ある日、私がバイトから帰ってくると、割と殺風景だったワンルームの雰囲気が一変するほどの存在感を持った、大きな食器棚が台所の近くの壁際に置かれていた。

美由

すっごいね!
大きいね

 新たな家具を迎え入れた喜びよりも驚きの方が勝る心持ちで、少し興奮気味に感想を述べた。

冬弥

ま、いいさ。
いつかこの食器棚に見劣りしない立派な家に住もうぜ

 そう言ってくれる冬弥の横顔はなんだか男らしくて、少しドキッとした。

美由

えへへへ。
夢あるねー。
でも私は冬弥が側にいてくれたら、それだけで幸せだよ

 私はこれから先も一緒にいて欲しいと思い、それを少しだけ回りくどい言葉に変えて彼に伝えた。


 だが、私がしゃべりだした時にこっちを見た冬夜の目がフイッとそ逸れた。



 心の奥底にこびり付いた母の言葉が、チクリと小さな痛みを私に与えた。


 でもすぐに、冬弥は照れているだけなんだと、私は気持ちを切り替えた。

美由

あ、今目を逸らした。
冬弥ってこういう時いつもそうだよね

 私はおどけた感じでそう言って、自分の中にあった小さな痛みをごまかした。

冬弥

ゆ、夢といえばさ。
その、なんだ。
小説……また書いてみようかって……

 冬弥が話を意図的に逸らしたのは、何となく気がついていた。


 本気で夢を追うつもりでもなく、言葉の通り書いてみようという気まぐれでしかないのも雰囲気で伝わった。


 だが、私は素直に喜ぶことにした。


 そうすることで、私の中に芽生えている小さな不安を消してしまえそうな気がした。


 冬弥は日に日に、小説を書く喜びを思い出しているみたいだった。


 小説を書くから必要だという理由で購入したパソコンも、最初のうちはインターネットをするためだけのツールに成り果ててしまうかもしれないと思ったが、今ではしっかりと小説のために使われている。



 パソコンに向かっている冬弥は目が悪くならないか心配になるくらいに集中していて、時々両手を上げて背を伸ばす姿がとても楽しそうに見えた。

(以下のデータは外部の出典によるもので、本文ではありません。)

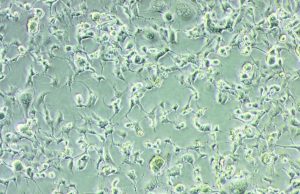 Isolata in Puglia la variante Omicron dall’Istituto Zooprofilattico Sperimentale: “adesso potremo avere informazioni fondamentali per contenere il virus”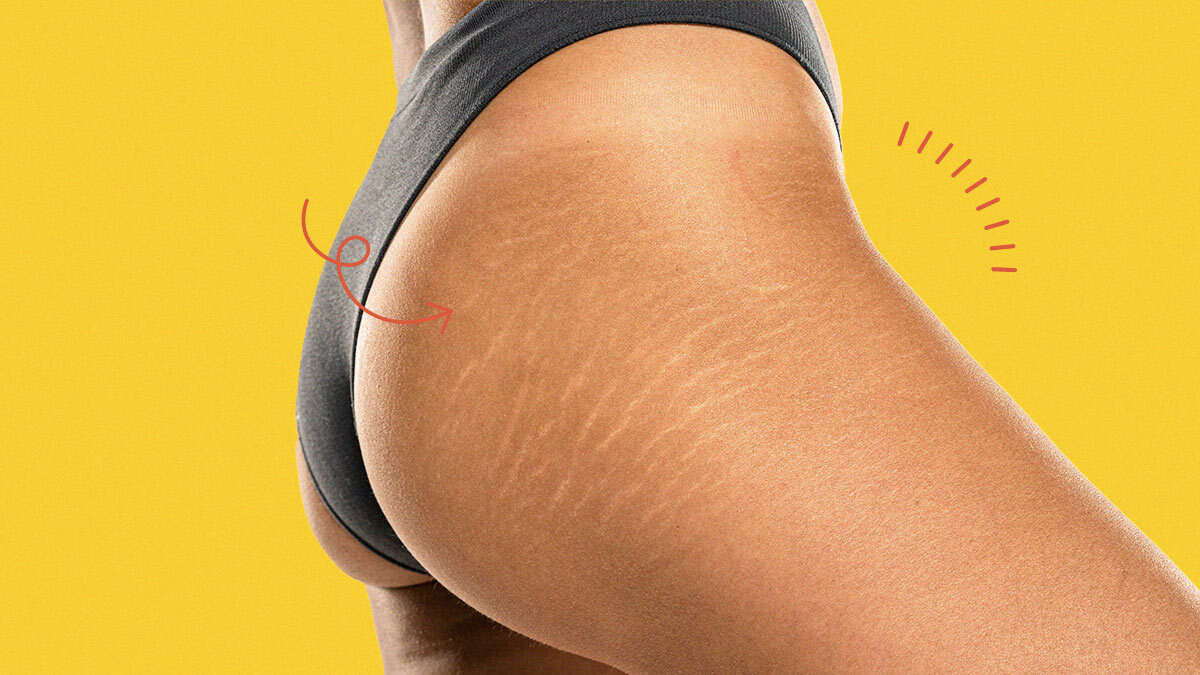 Side view of a woman’s upper thighs with stretch marks against a yellow background.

 そんな彼の側にそっと温かい紅茶を置く瞬間が、私に幸福感をもたらしてくれた。



 私が淹れるのは決まって、幼き記憶を包み込んだ思い出の紅茶だ。


 記憶を頼りに近所のスーパーで探し当てたティーパックなので、本当は違っているのかもしれないが、そこはあまり重要ではない。


 幸せを感じられるのならなんでも良かった。

 冬弥と私の休日が重なるも、雨で外出を断念する日があった。


 そういう日は、冬弥が小説を書いている後ろで、彼の過去の作品を読んでいたりする。


 冬弥の側には私が淹れた紅茶が湯気を揺らめかせ、私も同じものを手にとって啜る。



 実のところ、私が一番好きな休日の過ごし方だ。



 私は間違いなく幸せを感じていた。


 だが一方で、幸せを感じれば感じるほど、心の奥に潜む不安は大きくなっていた。


 私はこんなにも幸せだが、冬弥はどう思っているのだろう。

美由

冬弥。
私のこと愛してる?

 どうしても冬弥の気持ちを確かめたくて、こんなくだらない質問をしてしまう自分自身が嫌で仕方なかった。



 冬弥が『愛している』と言ってくれない。


 そのこだわりをくだらないと頭では思っていても、心が愛を形として欲してしまう。


 生まれて初めて実感した幸せは、常に不安と隣り合わせだった。



 不安は日を追うごとに、母のように捨てられてしまうかもしれないという恐怖へと変貌していく。


 私は冬弥を信じるべきだと思いながらも、どうしようもない強迫観念に駆られていた。




 そして。


 その気持ちは解消されないまま、運命の日を迎えてしまったのである。